-4

I've got this function:

void simple_shell::parse_command(char* cmd, char** cmdTokens) {
  // TODO: tokenize the command string into arguments
  char *token = strtok(cmd, " ");
  int count = 0;

  while (token != NULL) {
      count = count + 1;
      cout << token << endl;
      token = strtok(NULL, " ");
  }

  char *secondToken = strtok(cmd, " ");
  *cmdTokens = new char[count];
  count = 0;

  while (secondToken != NULL) {
      cmdTokens[count] = secondToken;
      cout << secondToken << endl;
      secondToken = strtok(NULL, " ");
      count = count + 1;
  }
}

I am basically taking cmd and splitting it with the space as a delimiter. Then, in the while loop, I am printing each token.

It works fine with the first while loop and the first token. If the string is "hello world", then I get "hello" and "world" on two separate lines, which is exactly what I want.

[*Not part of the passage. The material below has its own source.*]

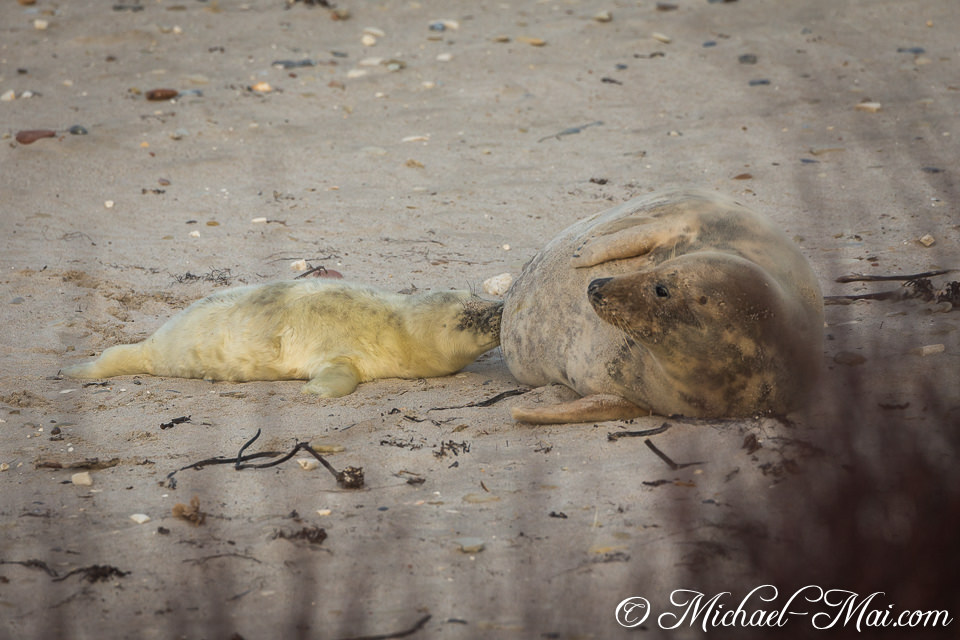 Warm sand cradles a yellow-coated pup as it suckles from its watchful mother.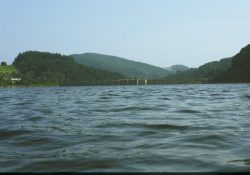 (Fotografie bez názvu)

However, in the second loop, something goes wrong and I only get "hello", and nothing else. What is going on here?

Human Cyborg Relations
  • 1,202
  • 5
  • 27
  • 52
  • 2
    Don't use `strtok()` to split strings in c++. It's error prone and unreliable regarding reentrance. Here are some better approaches: https://stackoverflow.com/questions/236129/most-elegant-way-to-split-a-string . Also stop using `char*` and `new` when using c++. – user0042 Oct 04 '17 at 01:36
  • You are aware, of course, that `strtok()` ***modifies*** its buffer parameter. That's how it works. Read its description. So, on the first pass through the string, the `char` buffer gets utterly destroyed, and nuked by `strtok()`. The shown code naively expects `cmd` to be its original pristine self, on the second pass. Unfortunately, that's not going to happen. Better luck next time. – Sam Varshavchik Oct 04 '17 at 01:40
  • *I am basically taking cmd and splitting it with the space as a delimiter.* -- Funny, [I'm doing the same thing](http://coliru.stacked-crooked.com/a/727f7740e1c5c73f). Compare that code to your attempt with `strtok`. – PaulMcKenzie Oct 04 '17 at 01:46

1 Answers1

2

strtok() operates on a null-terminated string as input, but it modifies the string as it goes. When it finds a delimiter in the string, it injects a nul character where the delimiter is located and returns a pointer to the token that is in front of the injected nul. On the next call with a NULL input pointer, the search starts after the previously injected nul.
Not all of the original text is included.